Quando um paulistano é questionado sobre quais são os rios da cidade de São Paulo que ele se lembra, na maioria das vezes as respostas são Rio Tietê ou Rio Pinheiros; poluídos, sujos e mal cheirosos, os dois são sinônimos de anos de descaso com a natureza e o bem-estar da população, porém são visíveis na cidade e lembrados graças às enchentes frequentes que acontecem nas suas margens. José Bueno, organizador da oficina Rios e Ruas do IV Congresso Brasileiro de Jornalismo Ambiental, arquiteto e urbanista carioca radicado em São Paulo há muitos anos, responde sem pestanejar, surpreendendo a plateia, que há 1.500 quilômetros de rios, riachos e córregos espalhados pela maior metrópole do país, a maior parte deles foi enterrada viva e se tornou invisível aos olhos.

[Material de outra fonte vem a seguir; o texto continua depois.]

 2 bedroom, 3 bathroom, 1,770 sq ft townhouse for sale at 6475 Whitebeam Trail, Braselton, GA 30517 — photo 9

Embora sua oficina aborde a natureza urbana, que engloba rios, ruas, árvores, pessoas e a intrínseca relação desses fatores, o destaque da apresentação de José Bueno são os rios, pois ele se empenhou pessoalmente em desvendar os rios paulistanos. Ele brinca que seu sonho, praticamente utópico, é que os dez milhões de habitantes da cidade conheçam esses rios, mas, para isso, o paulistano terá que treinar seu olhar para enxergar além de onde os olhos alcançam. Algumas vezes, o cidadão terá até que levantar tampas de bueiros, pois a maior parte desses rios está escondida, canalizada sob ruas e avenidas.

“São Paulo esconde a natureza e possui um relevo totalmente distorcido. Rios tiveram seus cursos modificados, foram canalizados e vales foram aterrados, transformando a paisagem da cidade, a ponto de o paulistano achar que se acabaram os rios. Em São Paulo eles são cobertos, mas a pior cobertura é a dos olhos, que nos impede de ver os rios ao lado de casa”, apontou Bueno. “Para cuidar dos rios, é preciso vê-los. Certamente há um rio a 200 metros de cada casa, sem que as pessoas saibam”, completou.

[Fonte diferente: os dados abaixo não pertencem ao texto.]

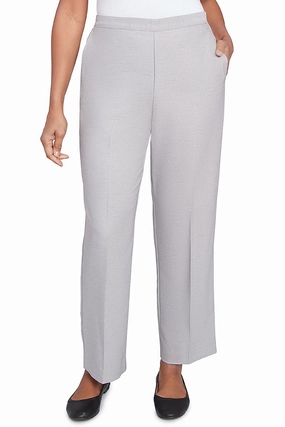 Estate Of Mind Proportioned Short-Length Pant Fit For Movement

As avenidas 23 de Maio e Nove de Julho, por exemplo, duas das principais avenidas de São Paulo, foram construídas sobre rios canalizados, que desembocam no Rio Tietê. O Vale do Anhangabaú, no centro da cidade, tem esse nome devido ao Rio Anhangabaú, cuja nascente está localizada a duas quadras da Avenida Paulista, um dos símbolos do desenvolvimento da capital paulistana, que teve sua história demolida assim como as casas centenárias localizadas na avenida e que deram lugar a prédios e estacionamentos.

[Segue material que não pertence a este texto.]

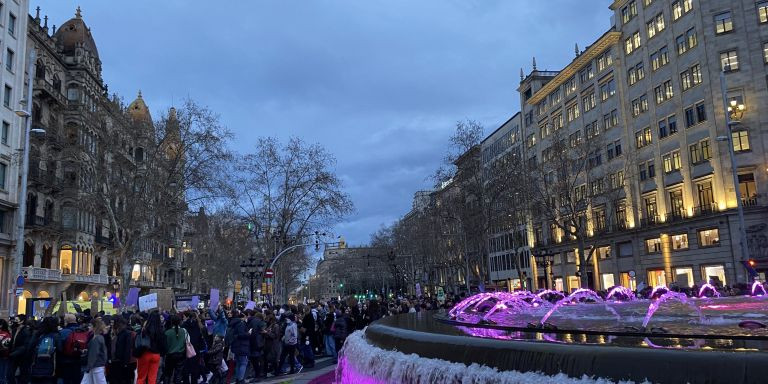 La marcha feminista a su paso por paseo de Gràcia con Gran Via / METRÓPOLI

“Os rios em São Paulo estão sendo presos e torturados sem direito a defesa e o caos que São Paulo enfrenta com as enchentes é uma resposta da natureza para essa violência.” Segundo o arquiteto, o descaso vem de longe; os portugueses construíam suas casas com os fundos virados para os rios, pois o lixo, esgoto e tudo de sujo e feio era despejado neles. Bueno organizou uma expedição por três afluentes do Rio Pinheiros, os córregos do Sapateiro, Caaguaçú e Uberaba, onde teve a oportunidade de apontar os aspectos tecnológico, científico, ambiental e político, que são necessários conhecer para que se possa proteger o rio. “O córrego do Sapateiro, por exemplo, chega ao Parque do Ibirapuera poluído pelo esgoto clandestino e lixo; é tratado e despejado no Lago do Ibirapuera com a água limpa, mas quando sai do Parque volta a ser contaminado”, conta José Bueno.

As nascentes de alguns rios em São Paulo estão localizadas nas periferias da cidade. O sonho secreto de Bueno é que a população dessas áreas se torne a guardiã dessas nascentes.

* Publicado originalmente no site do IV Congresso de Jornalismo Ambiental.